BRIEF: Transcribe the line that contains "Accesorii imprimare 3D" and every line after it to the end of the records, exactly and nothing else. Skip the pictures.

Brief descriptive captions:
Segment Open
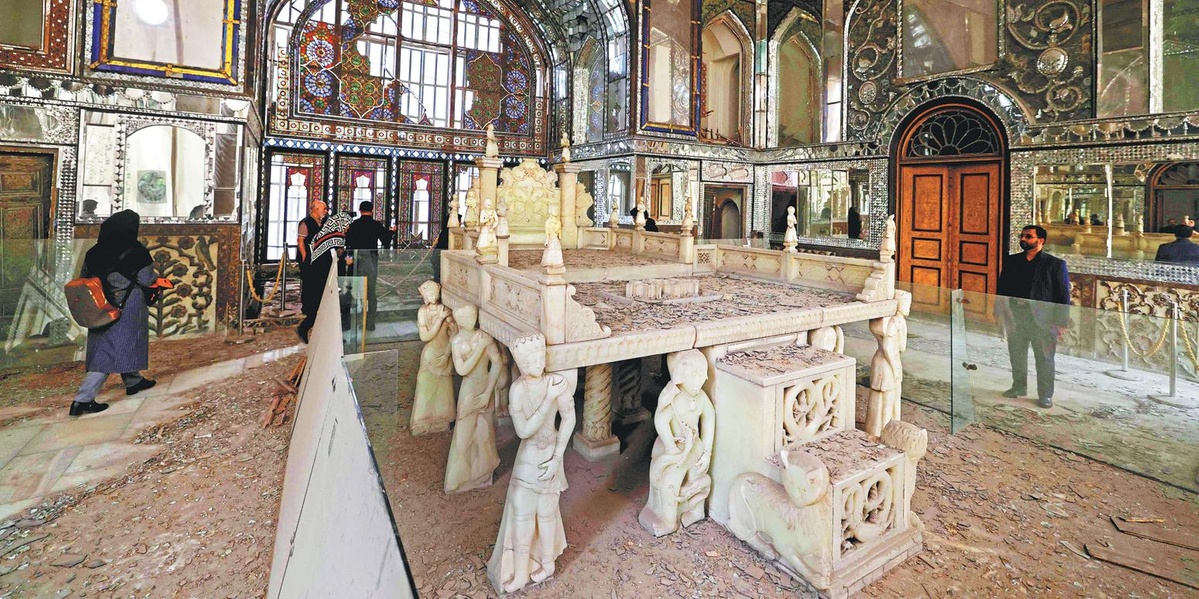 Conflict takes toll on historical sites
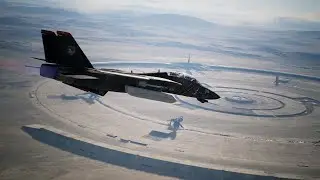 F-14 Wardog/Razgriz Campaign Run (Mission 12)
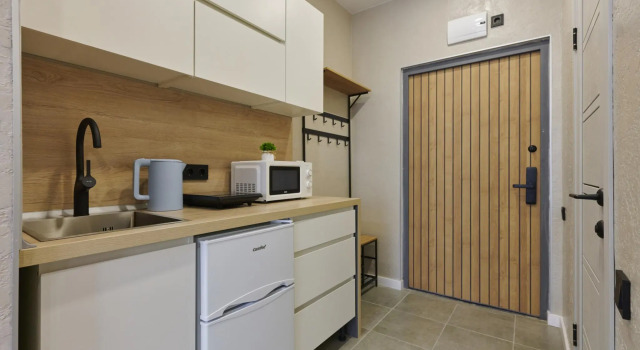 Студия MOKO Apartments  в ЖК N’ICE LOFT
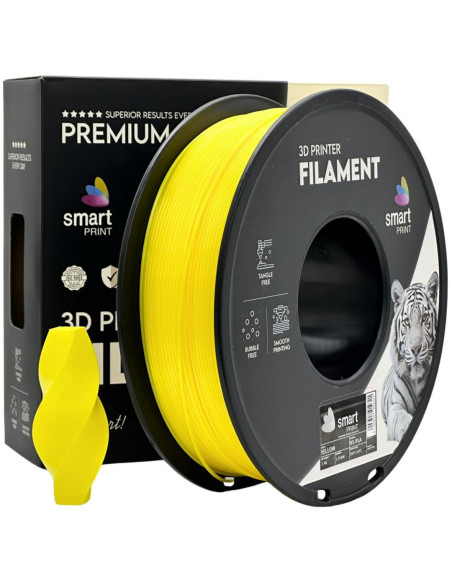 Accesorii imprimare 3D SMART PRINT 3D FILAMENT 1KG PLA YELLOW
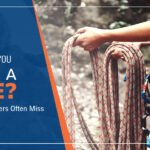When to Retire a Climbing Rope - A climber is understand its key aspects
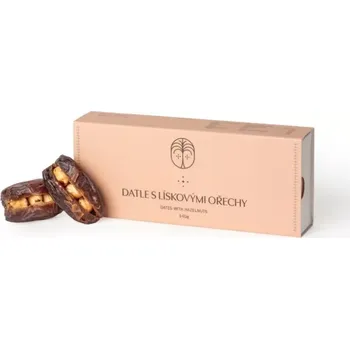 Sušená potravina Datlea Datle s lískovými ořechy Piemont, 140g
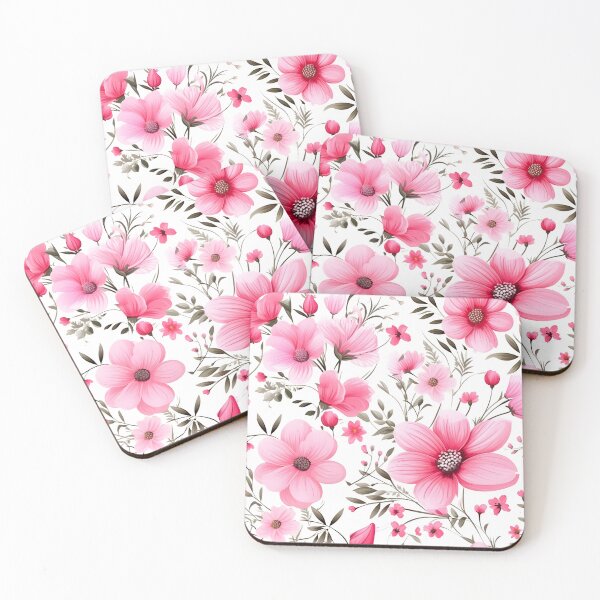 Item preview, Blushing Blooms: Watercolor Floral Elegance designed and sold by OceanExpress.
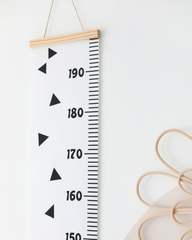 Scandinavian Triangle Height Chart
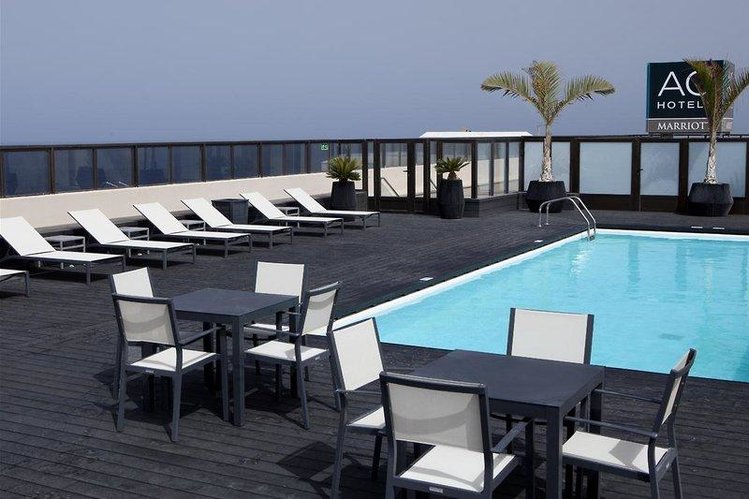 Zájezd AC Hotel Iberia Las Palmas, a Marriott Lifestyle Hotel **** - Gran Canaria / Las Palmas de Gran Canaria - Bazén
Segment Closed
ANSWER FOR THIS EXERCISE:
 Accesorii imprimare 3D SMART PRINT 3D FILAMENT 1KG PLA YELLOW
When to Retire a Climbing Rope - A climber is understand its key aspects
 Sušená potravina Datlea Datle s lískovými ořechy Piemont, 140g
 Item preview, Blushing Blooms: Watercolor Floral Elegance designed and sold by OceanExpress.
 Scandinavian Triangle Height Chart
 Zájezd AC Hotel Iberia Las Palmas, a Marriott Lifestyle Hotel **** - Gran Canaria / Las Palmas de Gran Canaria - Bazén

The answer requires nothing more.